Jangan sampai kerja utamanya sebagai ‘agent
of control’ itu dinina bobokkan oleh ‘welas asih’ tangan penguasa. Boleh-boleh
saja kemudian ketua yang baru IPP membawa IPP seperti tahun-tahun yang sudah
lewat bekerja layaknya kerja Karang Taruna, jika dirasa melakukan kontrol dalam
bentuk kritik dan saran tidak cukup. Tetapi jangan lupa, kerja-kerja taktis itu
jangan sampai berdasarkan ‘like or dislike’ penguasa (lagi). IPP kedepannya
harus cukup jeli menganalisis kebutuhan real
dari pemuda desa Pringgabaya. Bisa dengan melakukan survey, dsb.
Apakah saya pesimis jika desa (melalui karang taruna) tidak
melaksanakan program berdasarkan kebutuhan real
pemuda? Saya jawab, Ya. Sejauh yang saya saksikan, program-program Karang
Taruna lebih banyak pada aspek pengembangan fisik. Programnya lebih banyak seputar olah raga
saja, itupun hanya sepak bola. Bahkan tidak jelas bagaimana mengukur kemajuan
persepak bolaannya karena sejauh ini sangat jarang (untuk tidak mengatakan
tidak ada) pemuda desa yang berprestasi, minimal tembus club nasional.

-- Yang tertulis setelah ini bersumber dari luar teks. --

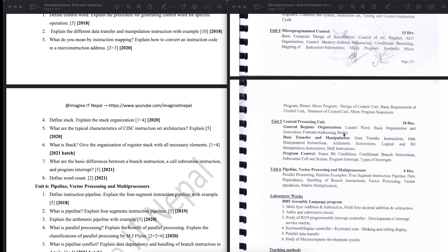Additional topics include data transfer instructions, data manipulation and arithmetic instructions, logical and bit manipulation and shift instructions, program control, program interrupt, subroutine call, and types of interrupts.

Padahal dimana-mana, pemuda tidak hanya butuh
program-program seperti itu. Masih banyak pemuda-pemuda yang menganggur yang
butuh pelatihan skill. Skill disinipun harus disesuaikan,
karena tidak semua pemuda menyukai satu hal yang sama. Misalnya desa hanya
memberikan pelatihan barber shop dan teknik perbengkelan. Mungkin
ini bagus, tetapi harus disesuaikan lagi dengan pelatihan skill yang lain agar
lebih sesuai dengan minat pemudanya. Karena jika tidak, pelatihan hanya tinggal
pelatihan, setelah itu mereka malah tidak jadi mengaplikasikannya di dunia
kerja karena tidak sesuai minatnya.
Menyaksikan masalah kepemudaan yang semakin kompleks dari masa ke masa itu, PR dari pemerintah
desa jelas semakin berat. IPP yang berfungsi sebagai organisasi ‘agent of kontrol’ harus
benar-benar jeli melihat itu agar mampu memberikan rekomendasi kepada
pemerintah desa, bahkan kritik yang lebih keras jika terlalu jauh dari
kepentingan umum.
Akhirnya saya ucapkan selamat bekerja untuk ketua baru
Ikatan Pemuda Pringgabaya. Semoga bisa membawa organisasi ini menjadi lebih
baik demi kemajuan desa Pringgabaya yang sama-sama kita cintai.